11 thoughts on “So, which translation of Dante’s Inferno is best?

  1. Singleton. (Read with commentaries if able.) Singleton doesn’t force the Italian into an English terza rima. He’s a brilliant scholar and does a fantastic job conveying Dante’s meaning. It’s a translation especially helpful for those with little to no knowledge of Italian (language, culture or history). Of course, I wouldn’t stop at the Inferno. One of the most engaging elements of the Divine Comedy is learning that much of what Dante thinks and says in Hell is misguided until his intellect is enlightened as he progresses towards Paradiso.

  2. Don’t know if you’ve seen this, but http://wmjas.blogspot.com/2010/02/fifteen-translations-of-dante-compared.html is a pretty good resource for this kind of question.
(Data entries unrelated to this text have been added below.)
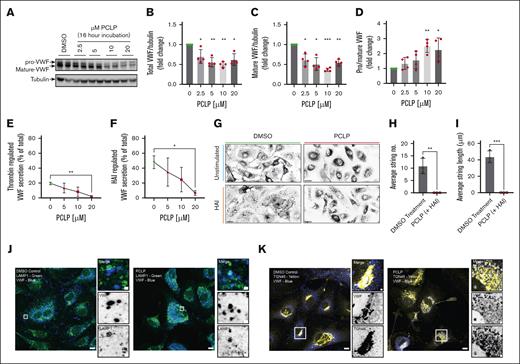 HUVEC exposed to PCLP for 16 hours exhibit a VWF trafficking defect. HUVEC were exposed to dimethyl sulfoxide (DMSO) or a range of concentrations of PCLP and incubated overnight (16 hours). (A) Immunoblotting of the resulting lysates displayed changes in pro-VWF and mature VWF in relation to tubulin. Densitometry indicated a decrease in total VWF (B) and mature-VWF levels (C) alongside a dose-dependent increase in the ratio of pro/mature VWF (D). n = 4 Ratio paired t test. ∗P < .05; ∗∗P < .01; ∗∗∗P < .005 (E) 16-hour incubation with PCLP resulted in inhibition of regulated secretion of VWF in response to thrombin and (F) HAI. (G) HUVEC preincubated with DMSO or PCLP for 16 hours were stimulated with HAI for 10 minutes before application of 5 dyne/cm2 shear stress. VWF strings were visualized by immunofluorescence and confocal microscopy. (H-I) The number (H) and length (I) of VWF strings secreted under flow in response to HAI in the presence or absence of DMSO or PCLP (n = 3). (J) IF analyses using anti-LAMP1 (green) and anti-VWF (blue) antibodies indicated numerous VWF positive lysosomes in PCLP-treated cells. (K) IF analyses using anti-TGN46 (yellow) and anti-VWF (blue) antibodies indicated a gross defect in TGN morphology (fragmented and swollen) in PCLP-treated cells. Scale bars, 10 μm. Inset scale bars, 1 μm.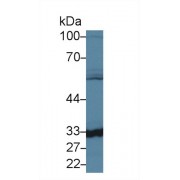 Western blot analysis of Mouse Liver lysate, using Mouse CA5B Antibody (1.5 µg/ml) and HRP-conjugated Goat Anti-Rabbit antibody (<a href="https://www.abbexa.com/index.php?route=product/search&amp;search=abx400043" target="_blank">abx400043</a>, 0.2 µg/ml).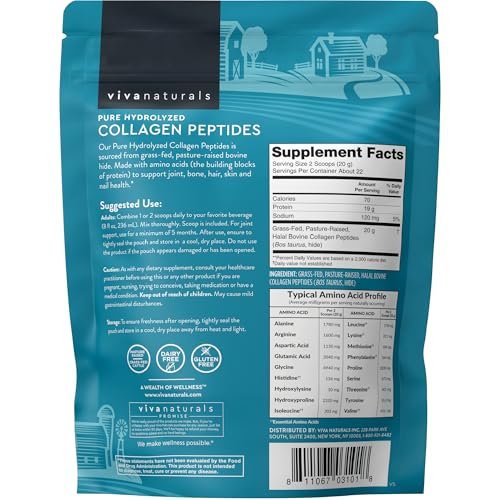 Viva Naturals Kollagen-Peptid-Pulver – Weidehaltung, hydrolysiertes Rinderkollagen Typ I & III – 19 g Protein, ungesüßt, leicht löslich – Unterstützung für Gelenke, Haut, Haare & Nägel – Paläo, Keto, Nicht-GVO – 454 g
The Hollander translation is also readable for free here (http://www.princeton.edu/dante/), with parallel Italian text. Also, about the Singleton, while I’ve heard very good things about his translation, it’s a prose rendering, and it’s also quite relatively expensive, especially if you’re also assigning the commentaries, so that might be a factor for class use.

  3. I like Esolen’s. I think it manages to get a nice flow in English, which also respects the movement of the Italian. This might sound like a minor accomplishment, but I really think it isn’t.